Friday, May 04, 2007

A positive legacy for our children

It’s a strange day for a parent when you suddenly realise you can have full scale conversations with your child.


What used to be a few passing references to broom brooms, nee naws, woof woofs and din dins has somewhere over the past year evolved into full blown conversations about how our car is driving along the Crescent Link to see Fireman Sam’s house before passing the dogs barking in the street on our way home for some lovely dinner of fishy fingers, potato ‘wobbles’ and peas. While we are at it, we may well pass the police station (PC Plum’s house) and several diggers, oil lorries and assorted modes of transport which the wee man can identify not only by their actual names but also by any corresponding names they may be known as in ‘Bob the Builder’.


From the moment we get in the car until the moment we reach our destination, I have a running commentary from my happy and contented little man.


The only respite we get from his constant chitter chatter is when he sleeps (and even then he has been known to chat in his sleep from time to time). He tends to wake up at full speed and run into our room to launch into detailed retellings of his latest dreams.


More than anything, I think it is this ability of his to talk the hind legs off a donkey that makes me realise just how fast he is growing up.


When he was a wee toot he always loved to gurgle and chat in his babyish way. I guess, much like his mammy, he likes the sound of his own voice. He was a stubborn wee so and so too though (much like his father I suppose, as anyone who knows me will tell you unequivocably that there isn’t a stubborn bone in my body).


For the first 18 months of his life he refused, and I mean blatantly refused, to say the word ‘mammy’. He would daddy me up and down. He knew the names of all his aunties and uncles, his cousins, his grandparents and of course his daddy but mammy was not on the radar.


“It’s a difficult word for them to say,” well meaning friends would soothe. It didn’t cut it with me. The wee man could almost manage Supercalifragilisticexpialidocious, so there was no way I was about to believe he couldn’t manage a simple maa- mee.

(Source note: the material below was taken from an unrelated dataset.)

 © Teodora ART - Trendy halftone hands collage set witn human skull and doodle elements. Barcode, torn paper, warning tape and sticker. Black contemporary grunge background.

I was delighted the day he first managed it, but it seems like a blink of an eye since then and now we are discussing the weather, the pros and cons of both Smyths and Toys R Us and Arsenal’s latest form in the football. (Apparantly “Arsenal are the champions”- I’m not sure what of, but being a Liverpool supporter his daddy isn’t too impressed).


Admittedly there are times when I would give my last Rolo for a mute button, just for half an hour to allow me to watch Corrie in peace or make important phonecalls. The constant “mammy, mammy, mammy, mammy” can get a little grating when you are trying to catch up on the latest news on the phone.


But I love that we can communicate on such a nice level, and I’ve developed VPM (Very Proud Mammy) status when it comes to talking about my boy and his linguistic skills. His renditions of “I Love It When You Call” by The Feeling raises many a smile, as do his very special chicken prayers. (He thinks it is hilariously funny to adapt his prayers to his current animal of choice: “Angel of God, my guardian chicken, to whom God’s love commits me chicken, ever this chicken...”)


What all this comes back to though is the fact that we’ve been very lucky that our son has been enrolled on the Lifestart programme since birth. As part of that programme he has attended playgroups (which are a Godsend to his poor harrassed auntie who minds him) and Joe Jingles music classes. When we’ve been concerned with his development (such as his stark refusal to say ‘mammy’ and indeed his stark refusal until relatively recently to use the potty) there has been a friendly listening ear ready to assure us as neurotic first time parents that all is okay. (In fairness, I’m the neurotic one. Himself is so laid back he is almost horizontal).


I’ve seen my child, even though he has no siblings, grow to be a very sociable, content three year old and perhaps of equal importance I’ve seen my own confidence as a parent grow too. Let’s face it folks, becoming a parent is a bloody scary business. (And not only because of the whole birth/ tearing/ stitches aspect).


Suddenly you have responsibility for a wee creature who you want to shape to be the best he can be. Lifestart have helped me do that. Today the ‘Journal’ launches our Lifestart Baby Bursary campaign. We are delighted to support the organistion which has worked with hundreds of families in this city to make a real difference and to feel more content in themselves.


Like many organisations in this city though, Lifestart have to be more creative when it comes to fundraising and the Baby Bursary is a great scheme to invest in the young people of the future. Surely the one thing we all want for this city is a generation growing up happy, confident and well equipped for life.


There is much talk in this town of ‘legacies’- the legacy of the Troubles, the legacy of unemployment and under investment. This is the perfect chance to leave a positive legacy to our children.